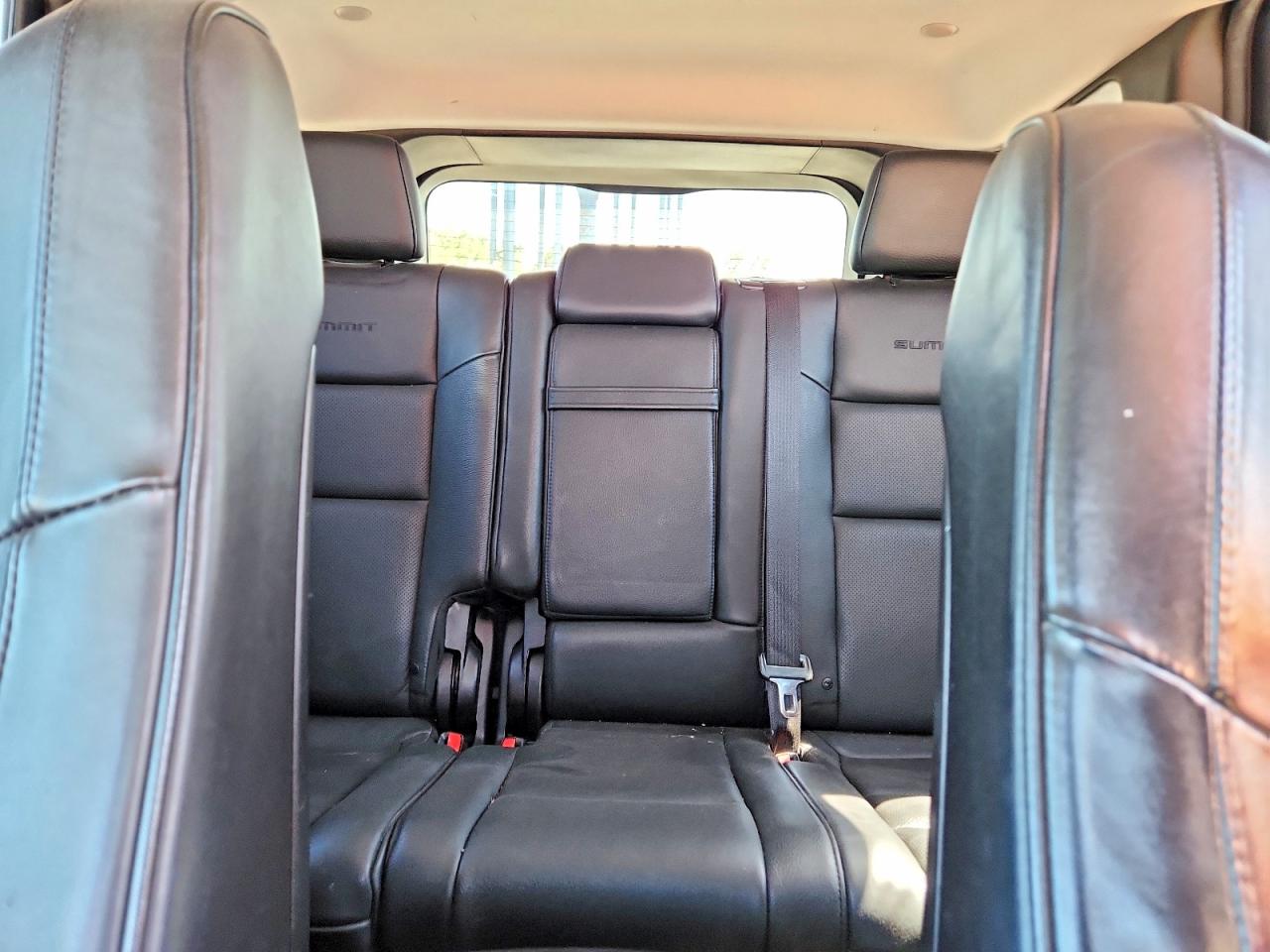 Jeep Cherokee Summit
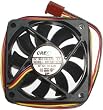Proten 60 X 15mm Ball bearing Fan (3 Pin).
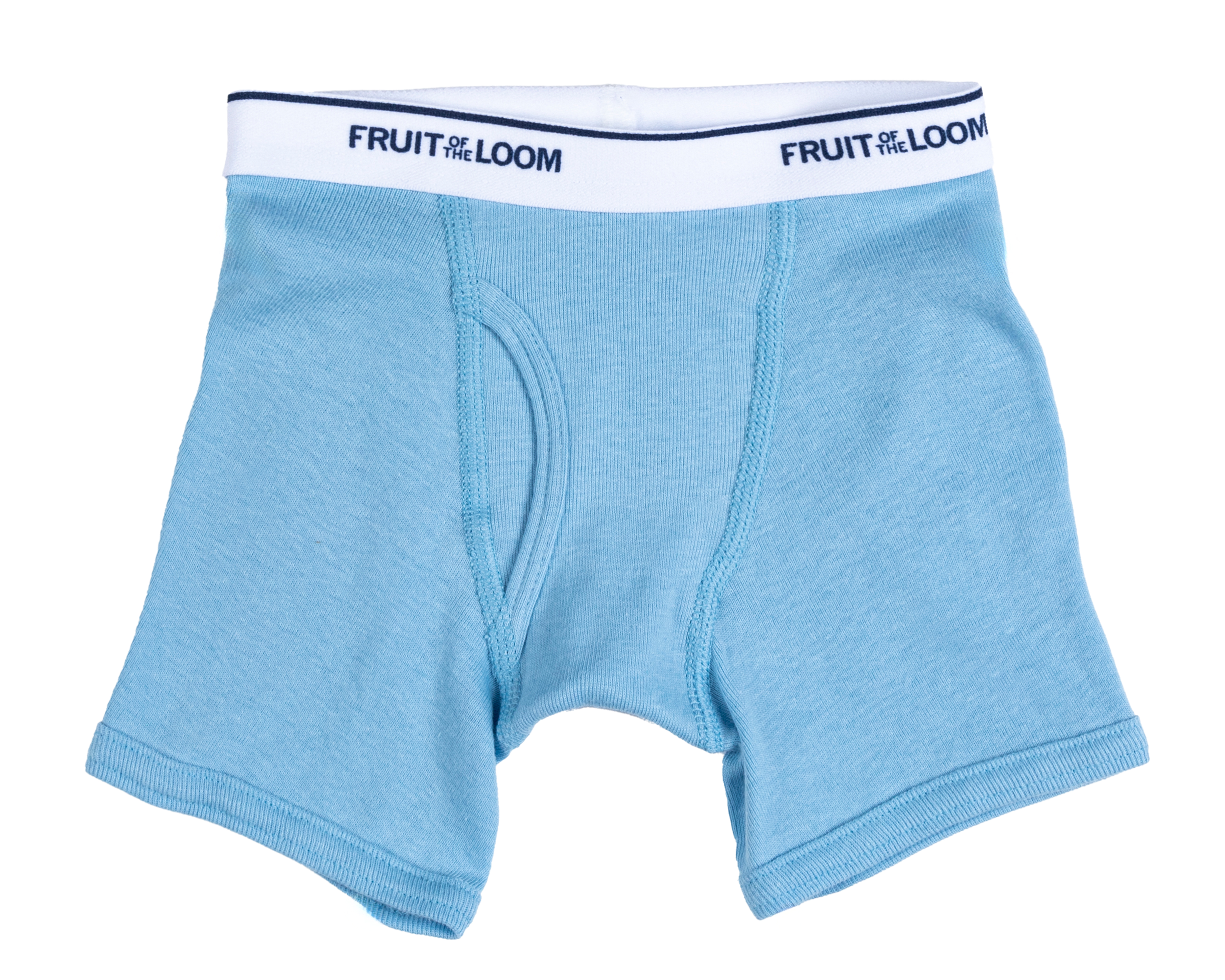 Foto 4 pulgar | Foto 3 | Bóxer Fruit of the Loom para Bebé Niño 2 Piezas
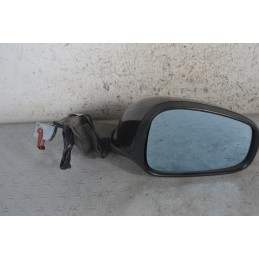 Specchietto retrovisore esterno DX Alfa Romeo 159 Dal 2005 al 2011 Cod 011015  1681719056886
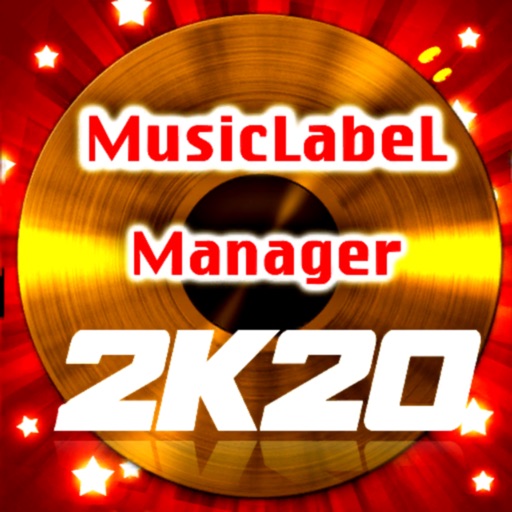 Music Label Manager 2K20 Music Label Manager 2K20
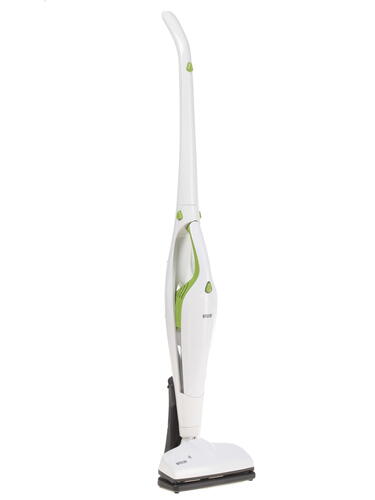 Купить Пылесос  вертикальный  MYSTERY MVC-1118  зеленый  6731751. Характеристики, отзывы и цены в Донецке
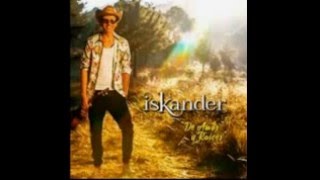 Video thumbnail of "Iskander- Quien Te Quiera Como Yo"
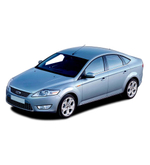 Ford Mondeo 4 поколение BD (09.2007 - 01.2015) седан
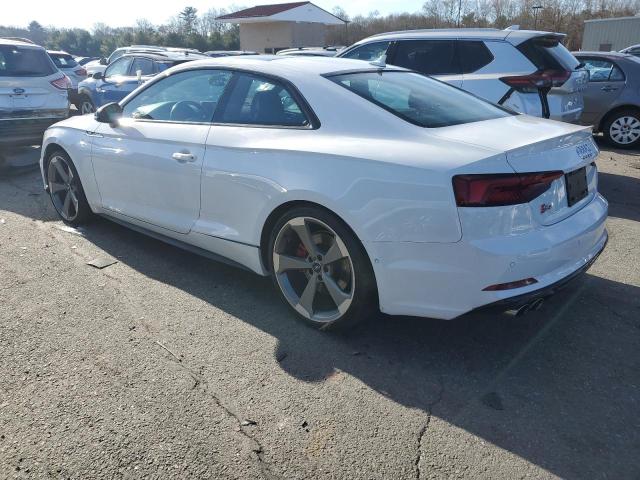 Zdjęcie 2 z aukcji – 2019 AUDI S5 PRESTIG z VIN WAUR4AF59KA060101
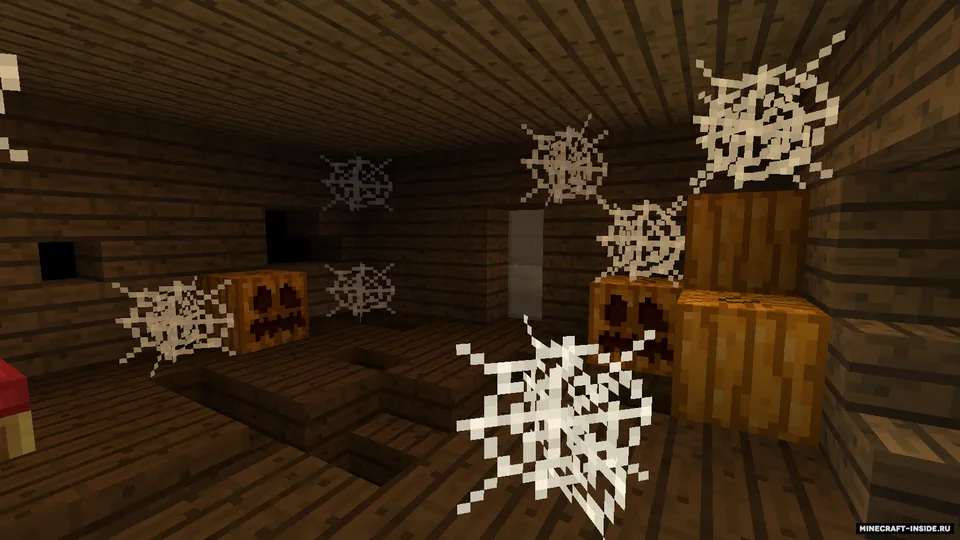 The Abandoned Mine — Minecraft xarita, rasm 3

**INSTRUCTIONS FOR THE TASK:** Repeat the records word for word and drop any pictures.

**EXERCISE OUTPUT:**
 Jeep Cherokee Summit
Proten 60 X 15mm Ball bearing Fan (3 Pin).
 Foto 4 pulgar | Foto 3 | Bóxer Fruit of the Loom para Bebé Niño 2 Piezas
 Specchietto retrovisore esterno DX Alfa Romeo 159 Dal 2005 al 2011 Cod 011015  1681719056886
 Music Label Manager 2K20 Music Label Manager 2K20
 Купить Пылесос  вертикальный  MYSTERY MVC-1118  зеленый  6731751. Характеристики, отзывы и цены в Донецке
 Video thumbnail of "Iskander- Quien Te Quiera Como Yo"
 Ford Mondeo 4 поколение BD (09.2007 - 01.2015) седан
 Zdjęcie 2 z aukcji – 2019 AUDI S5 PRESTIG z VIN WAUR4AF59KA060101
 The Abandoned Mine — Minecraft xarita, rasm 3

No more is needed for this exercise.